Helga dengan cepat pun bersuara, “Dia pasti kehausan, memangnya kau tidak lihat dia dari tadi menemani kita berdiri?”

“Jika memang haus, Vander bisa memilih air mineral. Dia saja yang tertarik dengan es krim, dan aku tidak menyukai itu.”

“Anak-anak wajar suka es krim.”

“Apa pun yang berkaitan dengan es, tidak baik untuk tenggorokannya.” 

Helga menatap Hadyan dalam-dalam sebelum menarik napasnya lebih panjang. “Apa Vander sering makan es krim? Tidak, ‘kan? Kebetulan saja minuman yang dipesan tuan Hans di resepsi ini es krim. Jadi, berhentilah kolot pada anakmu sendiri.”
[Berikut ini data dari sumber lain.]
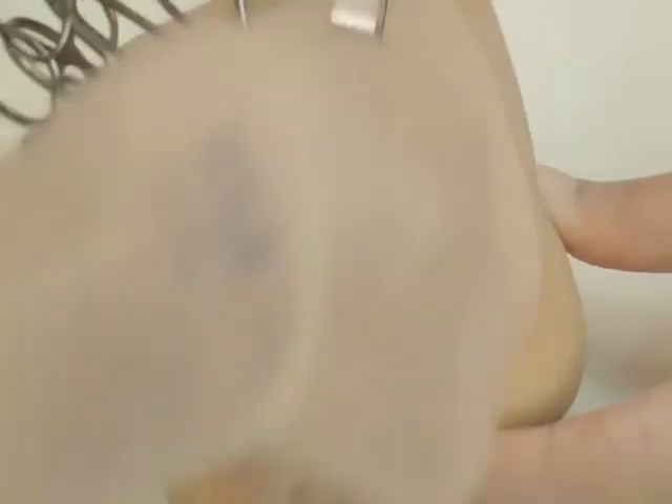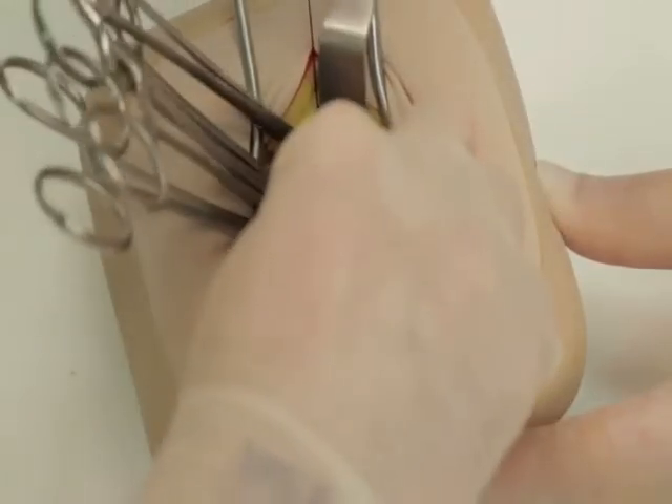The peritoneum is closed using a continuous suture of 2-0 PDS and it may help to place clips on the free edges of the peritoneum.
“Bedakan kolot dengan khawatir.”

“Berlebihan,” putus Helga dan beralih memakan sate ayamnya. Ia juga lebih fokus memberikan Ivander minum dari sebotol air mineral di atas meja. “Minum air putih dulu, Vander. Papamu tidak suka kau batuk.” Beruntungnya Ivander tidak banyak protes, ia menyetujui saja dan lanjut memakan sate ayam.

Hadyan yang memerhatikan dua manusia di sampingnya itu tak bisa menghentikan degup jantung yang meningkat. Melihat pemandangan itu membuatnya semakin yakin bahwa keputusannya menikah dengan Helga adalah keputusan benar. Namun, di sisi lain ia masih memikirkan pula reputasi sang mantan istri. Bohong jika dia sudah tidak mencintai Ilana, wanita itu masih singgah di hatinya.

“Jauhkan tanganmu dari punggungku,” ucap Helga yang kembali menatap Hadyan. “Seperti permintaanmu kemarin ... statusku cuma istri di buku pernikahan saja, Pak Hadyan ...,” bisik Helga yang masih merasakan sentuhan Hadyan di punggung mulusnya.